◆ **Work instructions**: Repeat the lines below exactly as written, please, from the line with "Hướng dẫn chi" to the line with "黑色和白色的鸟采取飞行高清壁纸", both lines included, and no others.

◆ **Data to examine**:
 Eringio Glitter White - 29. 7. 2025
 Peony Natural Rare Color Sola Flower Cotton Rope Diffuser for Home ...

...

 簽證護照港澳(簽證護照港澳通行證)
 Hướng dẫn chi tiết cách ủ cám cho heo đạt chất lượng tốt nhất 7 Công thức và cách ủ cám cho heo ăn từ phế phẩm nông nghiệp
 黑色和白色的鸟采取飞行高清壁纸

--

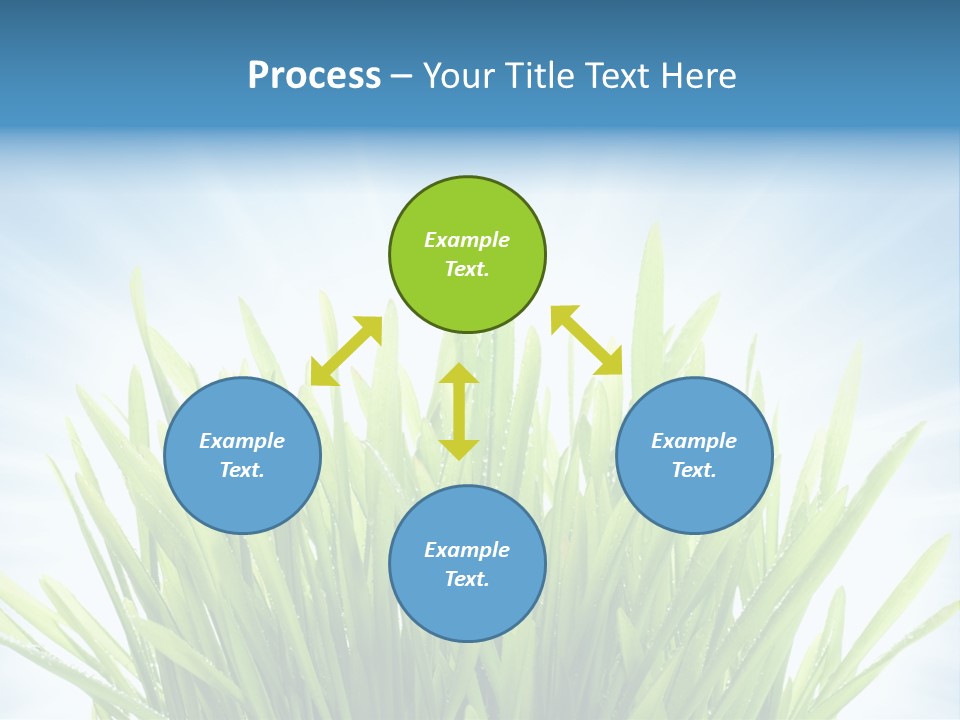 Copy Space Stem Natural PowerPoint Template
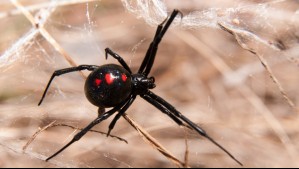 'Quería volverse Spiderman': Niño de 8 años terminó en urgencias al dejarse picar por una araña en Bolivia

◆ **Response box**:
 Hướng dẫn chi tiết cách ủ cám cho heo đạt chất lượng tốt nhất 7 Công thức và cách ủ cám cho heo ăn từ phế phẩm nông nghiệp
 黑色和白色的鸟采取飞行高清壁纸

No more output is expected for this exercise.